Este imaginario mítico conocerá una revitalización diplomática a principios del siglo XVII para fundamentar las reivindicaciones territoriales de la monarquía hispánica en Europa.
Alfonso de Villa Diego escribe una nueva crónica del reino de los godos en la que sostiene que «Gothia está en Scandia», es decir, en Escandinavia, donde sitúa la cuna de los godos que, al llegar a los Balcanes, se harían llamar getas. Poco después, en 1646, Diego Saavedra Fajardo, considerado el primer escritor político de España, escribe su Corona gótica, castellana y austriaca para sustentar una teoría de la continuidad entre los getas, los monarcas godos y los Austrias del siglo XVII. El origen de los godos, el pueblo más fuerte de la historia y el políticamente mejor organizado, se encuentra en el norte de Europa, en las mismas tierras reclamadas por los monarcas hispanos que, en consecuencia, no querían nada ajeno. Solo reclamaban la legítima herencia de su casa ancestral.
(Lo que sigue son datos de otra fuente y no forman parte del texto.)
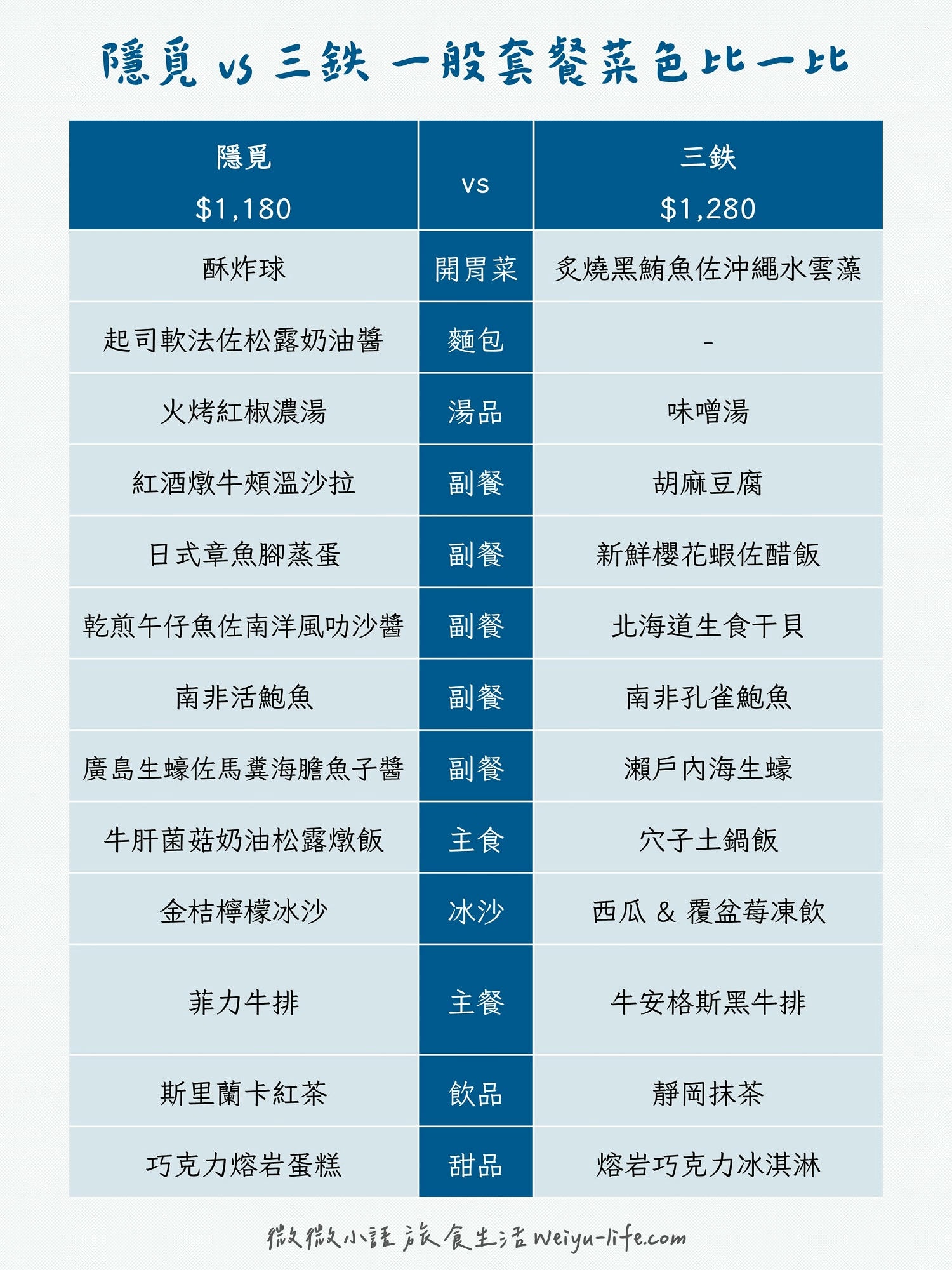 桃園中壢美食|三鉄鐵板燒.創意鐵板燒帶你吃遍你沒品嚐過的日本食材 - 第47張圖 隱覓及三鉄一般套餐菜單比較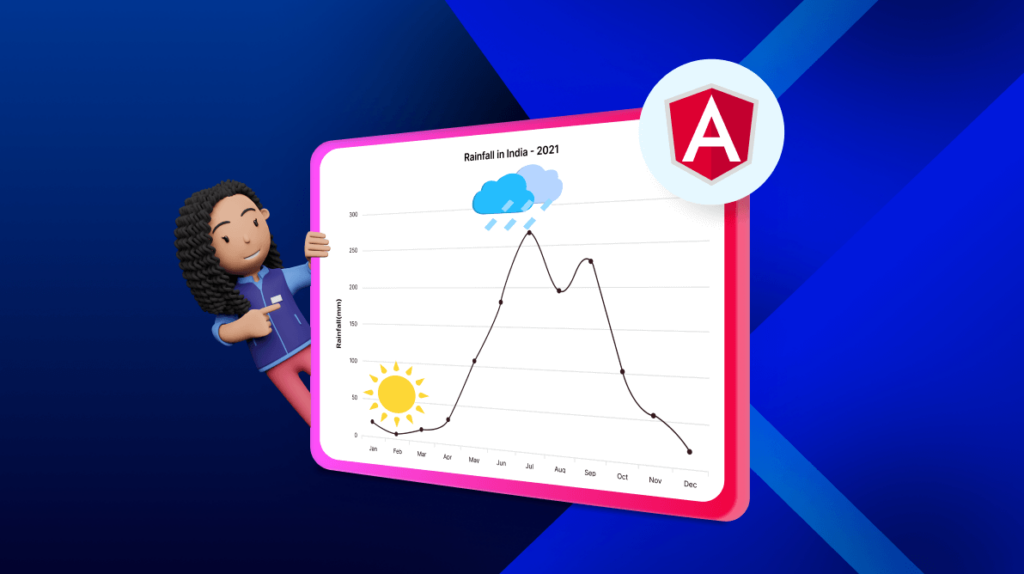 How to Highlight Key Data Points Using Annotations in Angular Charts?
Carl Lund publicó en Upsala, en 1687, una obra titulada Zalmoxis, el primer legislador de los getae, que debe no poco a las obras de Alfonso de Villa Diego y de Saavedra Fajardo. Lund pone la teoría del goticismo al servicio del mayor esplendor de la corona sueca y, más en concreto, del rey Carlos XI. Sus tesis, sin duda, más entusiastas que críticas proclaman que los getas fueron el primer pueblo en tener una legislación, gracias a Zalmoxis, también conocido como Cronos, que habría vivido en el siglo XVIII después de la creación del mundo. Añade que los godos, los getae y los escitas formaban un mismo y único pueblo y que más tarde recibieron también el nombre de suecos. La migración de los godos desde esta patria originaria a los diferentes lugares de Europa por los que acabaron asentándose es situada en el año 2.530 después de la creación del mundo y sería el «acontecimiento» que, con el tiempo, habría fomentado la aparición de las leyendas relativas a las migraciones de los dioses de las diferentes mitologías europeas.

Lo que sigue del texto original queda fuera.